The road statistics each year clearly demonstrate that you can never be too careful with road and car safety particularly when you have children with you.
Car safety for babies
- Ensure you choose a car restraint that's appropriate for your baby's size and weight. Babies under 8kg or 70cms should always travel in a rear-facing restraint.
- Babies should have good head control and be able to sit before they are moved to a more upright, front-facing car seat.
- Make sure that your baby's restraint straps and fasteners are adjusted to fit his body correctly.
- Have the restraint properly fitted to your car - every car model has a slightly different way to installing capsules and car seats so make sure that yours is correctly and safely fitted.
- Never hold your baby while the car is moving, for example, while travelling in a taxi, as your arms aren't strong enough to protect him in the event of an accident.
- Babies and young children can overheat quickly in the car, so make sure that they are suitably dressed while travelling and that there is appropriate protection from the sun.
Car safety for children
- Ensure you choose a car restraint that's appropriate for your child's size and weight.
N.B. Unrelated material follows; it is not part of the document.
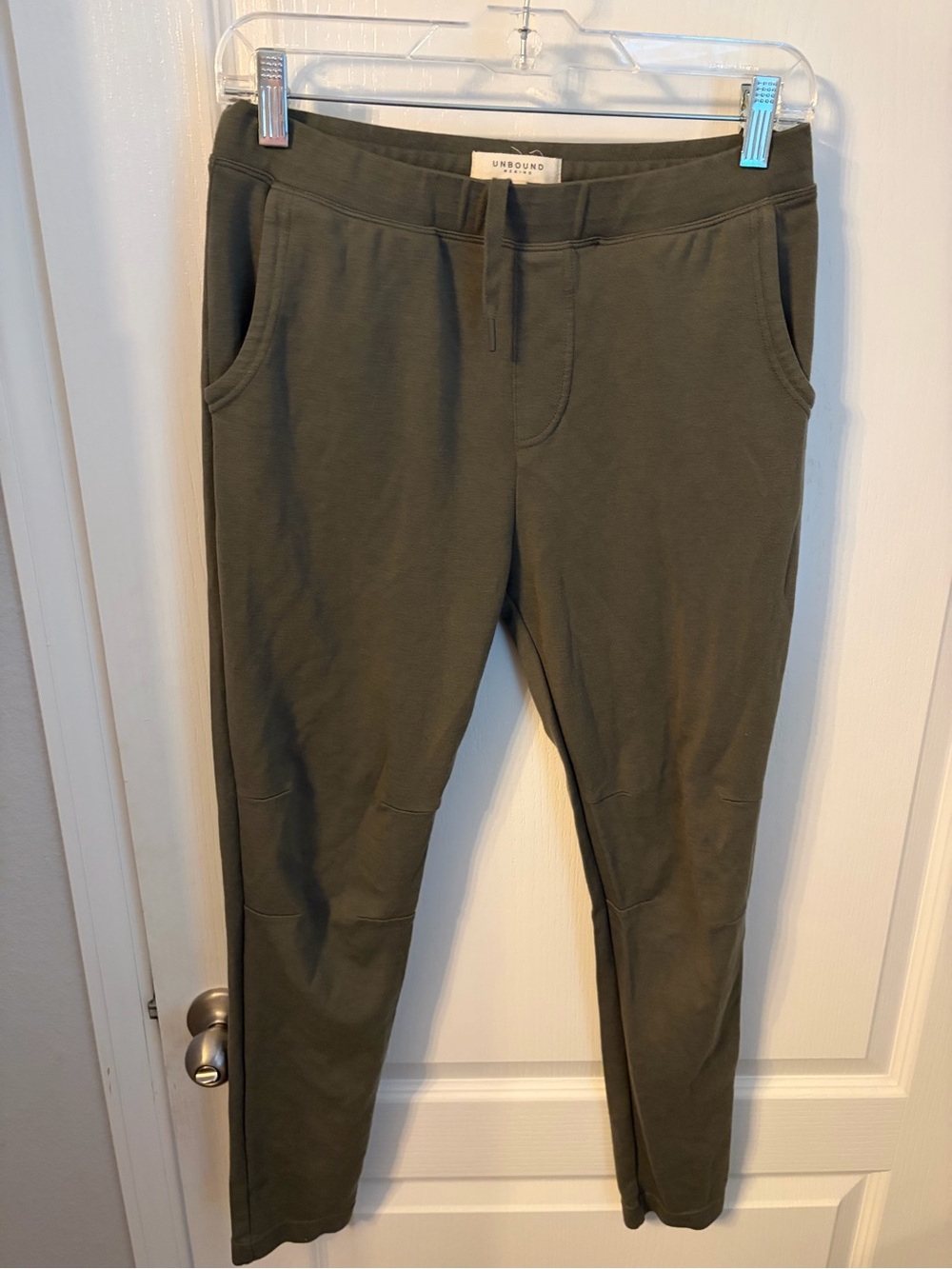 Unbound Olive Women’s Slim Jogger Sweatpants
Your child should always travel in the back seat. While it isn't against the law for children to travel in the front seat, this is the least safe seat in the car and with the additional hazards that airbags pose, it is highly recommended that children sit in the back seat.
- Teach your child to get in and out of the car from the footpath - this will remove any risk associated with him being on the road.
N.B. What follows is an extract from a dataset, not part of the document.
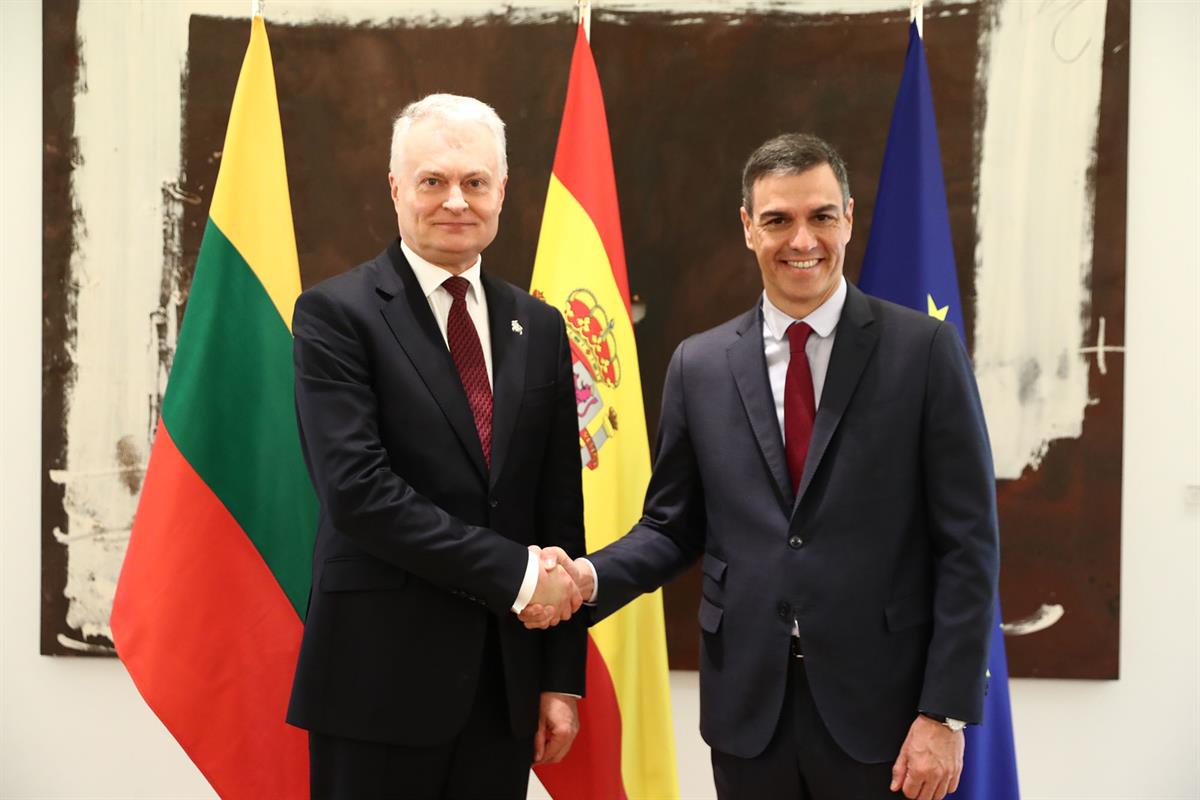 10/05/2023. Pedro Sánchez recibe al presidente de Lituania, Gitanas Nausėda. El presidente del Gobierno recibe al presidente de Lituania, Gi...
- While there are some devices that can be used to prevent toddlers from undoing their seatbelts, these are not recommended as seatbelts are meant to be easily undone in case of an accident.
- Don't allow you child to lie down across the back seat as this is an unsafe position in the event of an accident.
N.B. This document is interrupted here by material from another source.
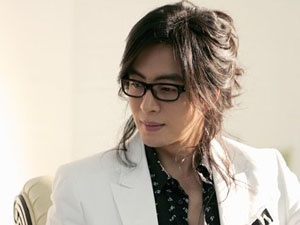Bae Yong Joon ngat xiu hinh anh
- Your child's car seat should be used until he reaches the maximum allowable weight for the seat or he is too tall to use the shoulder straps.
- Booster seats can be used until your child reaches the maximum allowable weight for the seat - it isn't recommended that booster seats are used by a child who weighs less than the minimum weight recommendation as his body weight partially secures the booster seat.
- A five-point child safety harness is recommended for children 14 - 32kg as standard car seatbelts (which are designed for adult use) aren't safe to use until your child is a standing height of 148cm, a sitting height of 74cm and/or a weight of 37kg - this is the approximate size of an 11 year old.
It is against the law:
- To leave your child in a car unattended - even for a short time
- For anyone to be unrestrained in the car while it's moving
- To have a child on your knees while the car is moving - this includes having a seatbelt around you both
- To have two people share the same seatbelt
- To ride in the luggage compartment of a vehicle
The vehicle driver is responsible for ensuring that all passengers under the age of 16 are correctly restrained.
Tips for practical car safety
Having the correct restraints properly installed in your car goes a long way to ensuring that everyone stays safe in your car, but there are other ways you can develop good car safety.
- Lead by example. Your child is more likely to develop good car habits if he sees you following the same rules you set for him. Make sure that you always have your seatbelt on before you drive away, and always insist that your child does too.
- Insist on seatbelts at all time. If you have issues with getting your child to stay buckled up, stop your car and tell him that you won't continue driving until he sits in his seat with his seatbelt on.
- Don't allow siblings to ‘help' you by buckling and unbuckling each other's seatbelts as this gives them permission to move around in the car - and they may decide to do this while the car is moving.
- Don't be distracted by unruly car behaviour. If your child is refusing to co-operate or is being loud and having an impact on your ability to concentrate while driving, pull over and sort out the backseat issues before hitting the road again.
- Stop, revive, survive. If you're driving long distances, it's extremely important that you take regular breaks to avoid exhaustion. Regular breaks are a great way to let children blow off a little energy too.
- Ensure that your line of sight is always clear. Never put anything in the windows of your car that will block your vision - a nappy in a side window to keep sun of your child will limit your view when driving.